Most of these don't make any logical sense. Why would a kid eat something called "couscous" but not "quinoa"? But if you have kids you know it's all about the positioning of the food, not what the food actually is. No matter how yummy something might actually be if your kid thinks the name sounds suspicious (i.e. potentially healthy) it's all over before they'll even try a bite.

Now, even though I'm too lazy to be "sneaky" doesn't mean I don't want my picky kids to eat better. I also want us to eat less meat. But I don't want us to eat pasta every night (though I can think of one person in our house who'd be totally cool with that). So, maybe you can guess where I'm going with this...TOFU!

Some months ago I found a recipe for tofu and thought maybe maybe maybe I could get the kids to eat it. It was a) fried and b) had sugar in the marinade, so I had reason be hopeful. So I bought a block 'o tofu and made sesame tofu sticks. And put them on the polar bear plate and the tiger plate, put those plates in front of their respective owners and waited. Naturally I was asked "what's for dinner". (Do all kids do this even when the food is on the plate in front of them?) But what was for dinner? Was it "chicken"? "Meat"? I couldn't believe I hadn't thought up an answer the whole damn time I was cooking. So you know what I said? "It's tofu". And you know what else? They ATE IT!!!!!* But I still lie plenty. Though it is good to know you can sometimes get away with the truth.

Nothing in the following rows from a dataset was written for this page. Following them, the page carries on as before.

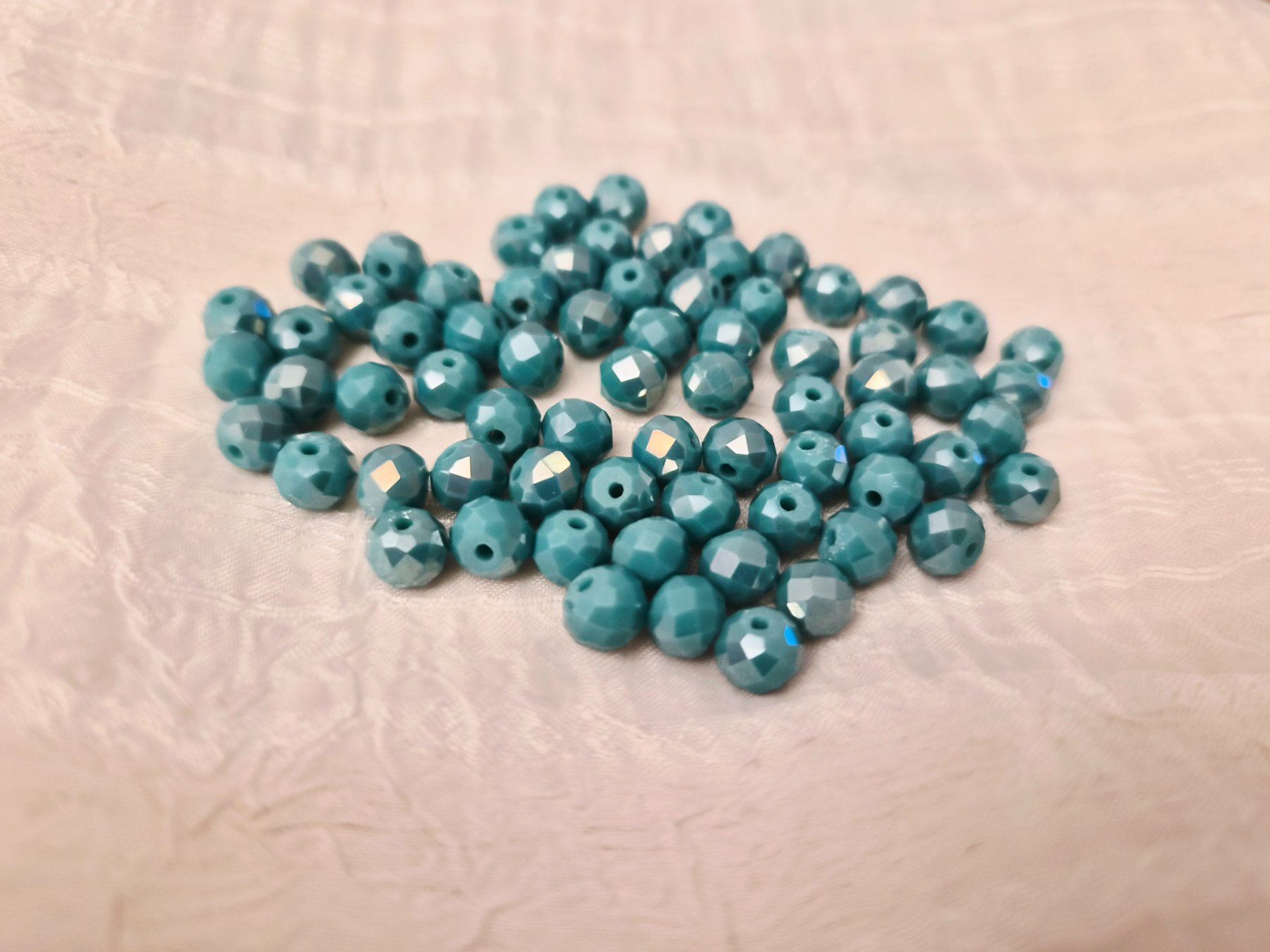 Perle (finte): Glasschliffperlen 8mm türkis 70 stk – Nuovo e nell'imballaggio originale da Dietikon venduto da Eleda 3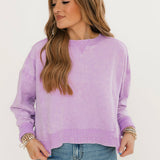 Everly Acid Pullover | Lavender
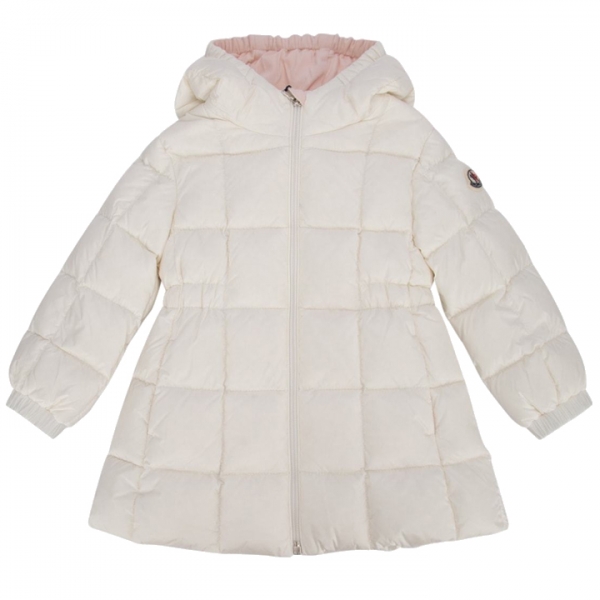 ◆키즈◆23FW 키즈 ANYA 로고 패치 롱 후드 패딩 자켓 아이보리 1C000 04 595FE 034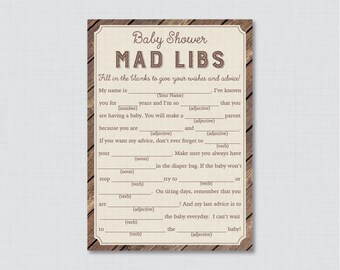 Rustic Baby Shower Mad Libs Printable - Baby Shower Advice Cards Mad Libs Game - Instant Download - Wood Burlap Shower Mad Libs Game - 0034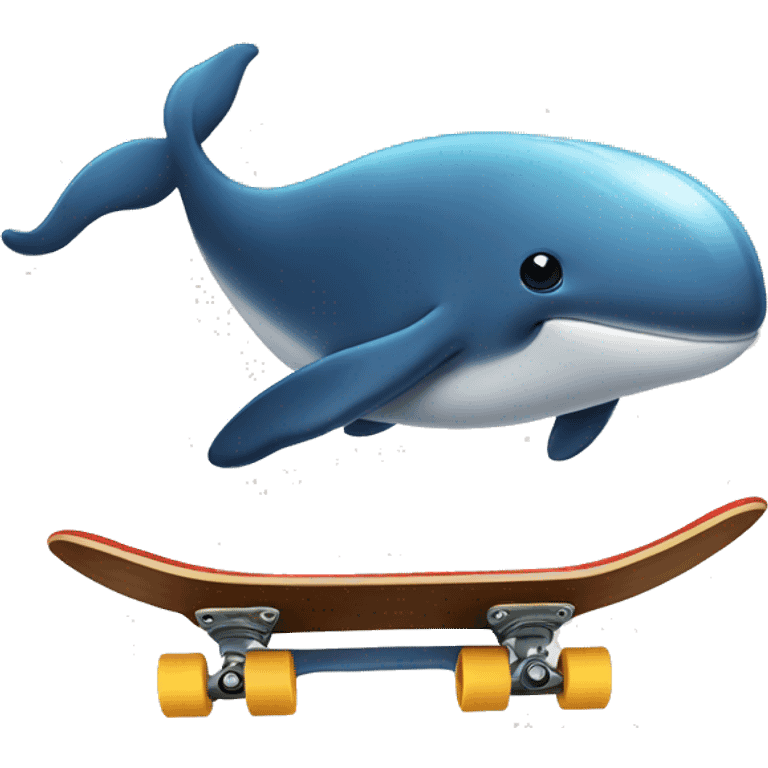 Whale riding skateboard  emoji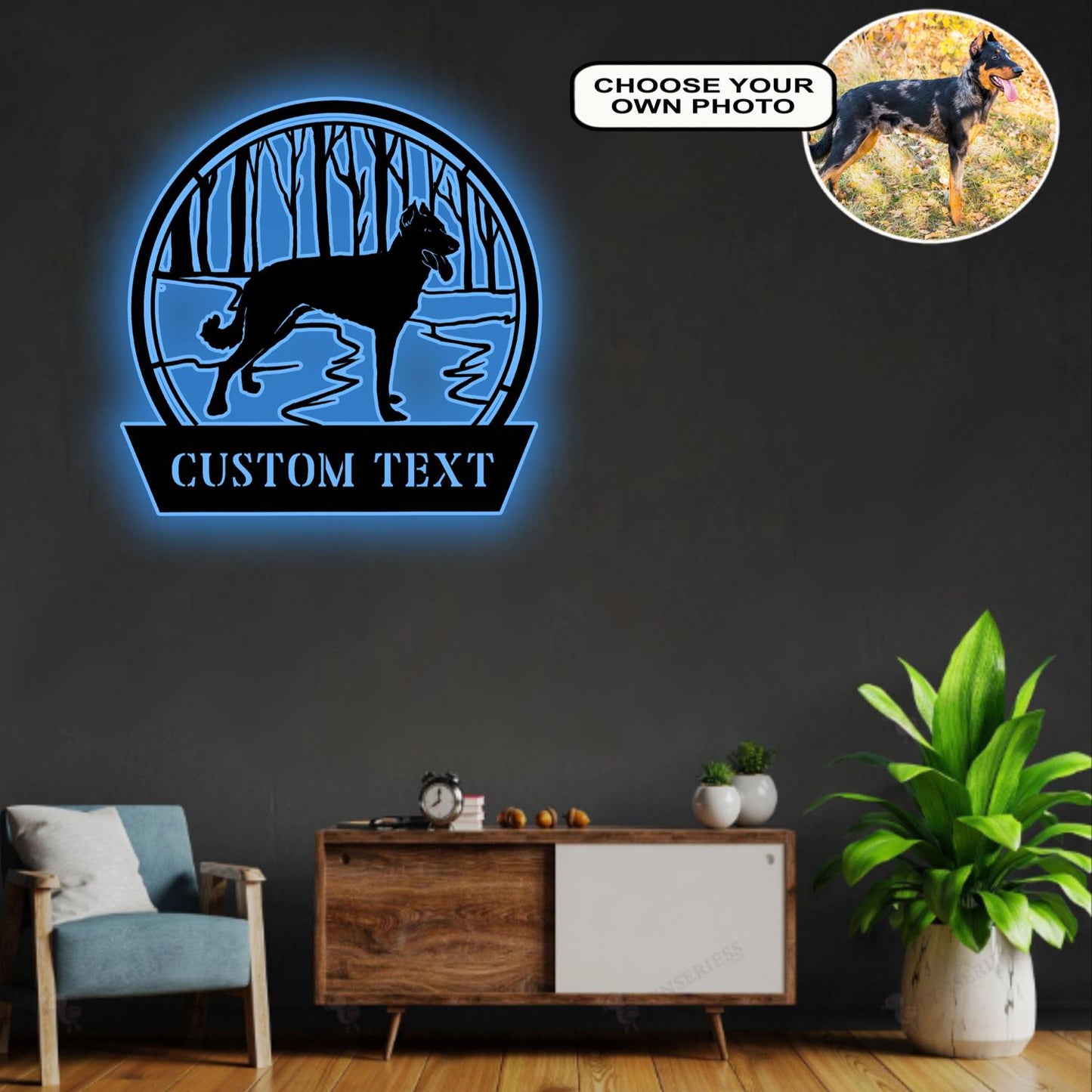 Personalized Beauceron Dog Metal Sign Led Lights Custom Name Photo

(*Okay, I admit I brag a little about the fact they will eat tofu but I figure I've earned the right to tout this triumph in the face of innumerable food failures past and present. Molly's food hang-ups could fill a long and very depressing book. She only drinks apple juice, eats exactly the same thing for breakfast every day, won't eat pasta with any kind of sauce, won't eat most meat, won't eat apples with skin, won't eat eggs...the list goes on and on. )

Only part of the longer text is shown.